I dunno about "MPEG-4" but just get an encoder to make an AVI with Divx5 and MP3 and then just tweak the codec parameters.

Yecti: I dunno about Vista, but XP only has a checkbox that forces a "Run As Different User" dialog to pop up every time you run the shortcut. Which is pretty much what UAC IS when you have a Limited User account.

2009-12-04, 6:53 AM #15
Originally posted by Brian:
Doesn't work, handbrake won't make an avi. It looks like the sansa fuze wants an avi that contains an mpeg4 encoded with divx 5. I don't even know how it's possible. Meh.


Ironically Handbrake supported making AVIs until the latest version released only a week ago.

They killed support for AVI because, basically, it sucked terribly.
2009-12-06, 7:17 PM #16
*AVIs suck terribly

if you get the previous version (.93 i believe) it will do AVIs fine.
gbk is 50 probably

MB IS FAT
2009-12-07, 8:26 AM #17
That doesn't really have much to do with this thread, he's not choosing an OS he has one already.

Also last I checked there was no support for ext2/3 without a third party driver. Which, FYI, is quite usable in and was designed for XP.

And it is definitely not faster than XP, not by a long shot. It sucks much more CPU time away from applications. Of course XP's multicore support is not as good so the more cores you have the more 7 can make up the gap.

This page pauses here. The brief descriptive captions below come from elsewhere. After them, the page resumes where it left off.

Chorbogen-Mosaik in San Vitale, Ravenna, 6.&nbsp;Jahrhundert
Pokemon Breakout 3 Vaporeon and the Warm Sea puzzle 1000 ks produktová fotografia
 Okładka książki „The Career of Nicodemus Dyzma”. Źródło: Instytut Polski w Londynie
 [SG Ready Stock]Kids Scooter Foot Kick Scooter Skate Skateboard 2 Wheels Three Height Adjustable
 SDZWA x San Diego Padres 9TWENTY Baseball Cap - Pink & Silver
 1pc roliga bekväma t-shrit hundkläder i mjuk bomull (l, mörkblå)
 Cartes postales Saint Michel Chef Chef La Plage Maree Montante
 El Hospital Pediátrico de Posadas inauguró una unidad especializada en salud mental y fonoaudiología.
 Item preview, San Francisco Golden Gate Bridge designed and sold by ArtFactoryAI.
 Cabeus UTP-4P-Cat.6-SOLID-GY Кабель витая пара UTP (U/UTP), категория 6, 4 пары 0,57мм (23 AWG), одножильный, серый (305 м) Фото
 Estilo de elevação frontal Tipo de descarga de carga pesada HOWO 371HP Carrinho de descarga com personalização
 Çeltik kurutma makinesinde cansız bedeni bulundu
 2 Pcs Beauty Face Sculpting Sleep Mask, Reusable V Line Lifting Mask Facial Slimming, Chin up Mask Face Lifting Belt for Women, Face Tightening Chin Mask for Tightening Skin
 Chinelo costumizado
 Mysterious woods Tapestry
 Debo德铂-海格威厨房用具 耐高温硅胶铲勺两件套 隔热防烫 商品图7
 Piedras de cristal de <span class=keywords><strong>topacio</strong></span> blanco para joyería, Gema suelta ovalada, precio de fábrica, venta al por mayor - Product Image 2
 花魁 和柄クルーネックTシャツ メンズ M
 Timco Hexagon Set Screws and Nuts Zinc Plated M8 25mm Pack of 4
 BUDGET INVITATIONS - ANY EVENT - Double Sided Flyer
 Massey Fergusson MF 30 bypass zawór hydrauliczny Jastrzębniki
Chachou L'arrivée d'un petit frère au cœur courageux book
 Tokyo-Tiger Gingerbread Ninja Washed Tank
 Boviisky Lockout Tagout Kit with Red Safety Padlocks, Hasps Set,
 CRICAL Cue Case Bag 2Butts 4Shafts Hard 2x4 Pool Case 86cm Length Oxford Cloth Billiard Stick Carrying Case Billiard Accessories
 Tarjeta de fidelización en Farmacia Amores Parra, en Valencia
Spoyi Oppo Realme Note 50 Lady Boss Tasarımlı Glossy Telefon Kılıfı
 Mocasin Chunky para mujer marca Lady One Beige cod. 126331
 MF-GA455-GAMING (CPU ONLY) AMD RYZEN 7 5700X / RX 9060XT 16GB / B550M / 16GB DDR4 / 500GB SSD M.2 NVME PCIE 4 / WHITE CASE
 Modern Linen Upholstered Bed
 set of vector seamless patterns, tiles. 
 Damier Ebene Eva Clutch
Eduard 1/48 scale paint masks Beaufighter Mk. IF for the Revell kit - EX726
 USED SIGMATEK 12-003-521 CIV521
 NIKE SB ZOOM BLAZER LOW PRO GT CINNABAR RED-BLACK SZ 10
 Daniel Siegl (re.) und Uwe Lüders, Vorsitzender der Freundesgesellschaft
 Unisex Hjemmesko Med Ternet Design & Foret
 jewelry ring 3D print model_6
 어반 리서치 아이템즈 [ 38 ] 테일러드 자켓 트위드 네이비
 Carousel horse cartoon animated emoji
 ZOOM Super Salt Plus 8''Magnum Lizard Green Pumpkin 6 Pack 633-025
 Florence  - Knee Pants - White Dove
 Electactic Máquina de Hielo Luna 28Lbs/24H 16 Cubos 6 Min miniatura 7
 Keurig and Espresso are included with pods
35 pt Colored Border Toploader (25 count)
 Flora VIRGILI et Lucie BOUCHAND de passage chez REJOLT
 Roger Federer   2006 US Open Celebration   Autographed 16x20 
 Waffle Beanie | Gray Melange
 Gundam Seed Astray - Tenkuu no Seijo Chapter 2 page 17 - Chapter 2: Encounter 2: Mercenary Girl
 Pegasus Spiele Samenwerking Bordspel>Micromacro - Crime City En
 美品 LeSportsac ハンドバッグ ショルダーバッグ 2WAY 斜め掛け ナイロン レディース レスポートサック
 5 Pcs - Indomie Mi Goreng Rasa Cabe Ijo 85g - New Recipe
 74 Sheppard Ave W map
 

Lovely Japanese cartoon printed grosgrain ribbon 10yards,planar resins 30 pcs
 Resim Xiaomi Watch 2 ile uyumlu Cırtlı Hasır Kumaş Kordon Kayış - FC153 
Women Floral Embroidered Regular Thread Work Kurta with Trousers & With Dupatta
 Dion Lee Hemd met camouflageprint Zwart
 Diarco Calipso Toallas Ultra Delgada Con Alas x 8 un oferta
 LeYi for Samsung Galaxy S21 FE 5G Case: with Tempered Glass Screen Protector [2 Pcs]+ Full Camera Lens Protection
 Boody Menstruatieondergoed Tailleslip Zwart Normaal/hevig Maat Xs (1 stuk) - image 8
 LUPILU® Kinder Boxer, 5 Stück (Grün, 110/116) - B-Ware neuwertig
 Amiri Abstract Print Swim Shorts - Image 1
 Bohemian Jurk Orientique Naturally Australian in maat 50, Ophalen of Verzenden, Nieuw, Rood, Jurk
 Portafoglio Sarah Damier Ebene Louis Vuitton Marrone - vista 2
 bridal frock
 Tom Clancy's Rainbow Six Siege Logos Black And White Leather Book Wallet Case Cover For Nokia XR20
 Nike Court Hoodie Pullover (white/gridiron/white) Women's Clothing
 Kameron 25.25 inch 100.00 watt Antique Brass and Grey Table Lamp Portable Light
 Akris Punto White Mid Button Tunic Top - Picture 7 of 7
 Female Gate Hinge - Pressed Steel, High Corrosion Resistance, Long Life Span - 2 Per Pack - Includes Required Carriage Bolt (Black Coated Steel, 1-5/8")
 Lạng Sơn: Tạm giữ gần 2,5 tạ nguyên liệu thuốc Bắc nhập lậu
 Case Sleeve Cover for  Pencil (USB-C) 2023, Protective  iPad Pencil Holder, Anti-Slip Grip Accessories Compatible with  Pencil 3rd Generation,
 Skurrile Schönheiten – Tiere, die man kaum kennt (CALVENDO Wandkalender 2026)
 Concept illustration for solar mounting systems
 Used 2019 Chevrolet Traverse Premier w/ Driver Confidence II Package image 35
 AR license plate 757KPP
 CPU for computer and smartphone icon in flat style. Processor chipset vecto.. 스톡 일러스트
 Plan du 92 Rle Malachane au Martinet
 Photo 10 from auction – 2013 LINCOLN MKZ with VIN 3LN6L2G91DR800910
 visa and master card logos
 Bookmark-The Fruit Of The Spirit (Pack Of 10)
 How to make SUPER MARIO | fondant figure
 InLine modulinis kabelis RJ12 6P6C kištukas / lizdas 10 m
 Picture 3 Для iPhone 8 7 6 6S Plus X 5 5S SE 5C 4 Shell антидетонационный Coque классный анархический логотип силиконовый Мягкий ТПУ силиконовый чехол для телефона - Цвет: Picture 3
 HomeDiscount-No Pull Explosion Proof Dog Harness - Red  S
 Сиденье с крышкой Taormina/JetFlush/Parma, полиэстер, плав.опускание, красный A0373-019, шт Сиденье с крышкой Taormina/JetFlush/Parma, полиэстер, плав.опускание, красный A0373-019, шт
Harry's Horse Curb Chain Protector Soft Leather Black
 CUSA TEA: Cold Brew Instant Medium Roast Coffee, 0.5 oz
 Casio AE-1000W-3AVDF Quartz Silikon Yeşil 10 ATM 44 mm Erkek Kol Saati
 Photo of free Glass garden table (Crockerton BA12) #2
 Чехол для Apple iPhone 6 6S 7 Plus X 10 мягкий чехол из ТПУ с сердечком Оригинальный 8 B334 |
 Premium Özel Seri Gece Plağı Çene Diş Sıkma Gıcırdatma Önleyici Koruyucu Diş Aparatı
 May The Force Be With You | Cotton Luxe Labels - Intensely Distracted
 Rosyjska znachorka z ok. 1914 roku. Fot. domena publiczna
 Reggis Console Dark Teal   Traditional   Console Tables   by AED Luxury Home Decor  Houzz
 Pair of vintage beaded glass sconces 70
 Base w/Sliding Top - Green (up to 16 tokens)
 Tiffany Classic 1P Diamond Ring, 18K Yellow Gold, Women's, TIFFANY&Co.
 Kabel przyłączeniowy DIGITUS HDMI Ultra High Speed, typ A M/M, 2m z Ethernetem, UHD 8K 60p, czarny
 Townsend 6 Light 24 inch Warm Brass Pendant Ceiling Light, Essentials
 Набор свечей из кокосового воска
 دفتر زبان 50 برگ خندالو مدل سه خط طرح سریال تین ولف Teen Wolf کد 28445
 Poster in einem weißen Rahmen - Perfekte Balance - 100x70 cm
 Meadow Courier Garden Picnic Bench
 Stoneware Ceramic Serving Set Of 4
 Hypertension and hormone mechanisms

And of course don't get me wrong, I like 7, and would gladly use it if a) Windows didn't cost a small fortune for the good versions and b) my computer could run L4D2 at a decent framerate in it.

2009-12-07, 8:42 AM #18
Haha you just responded to a spam bot.
2009-12-07, 8:17 PM #19
Well it was a good one then, it was vaguely on topic. A couple other posts it made seemed to be as well.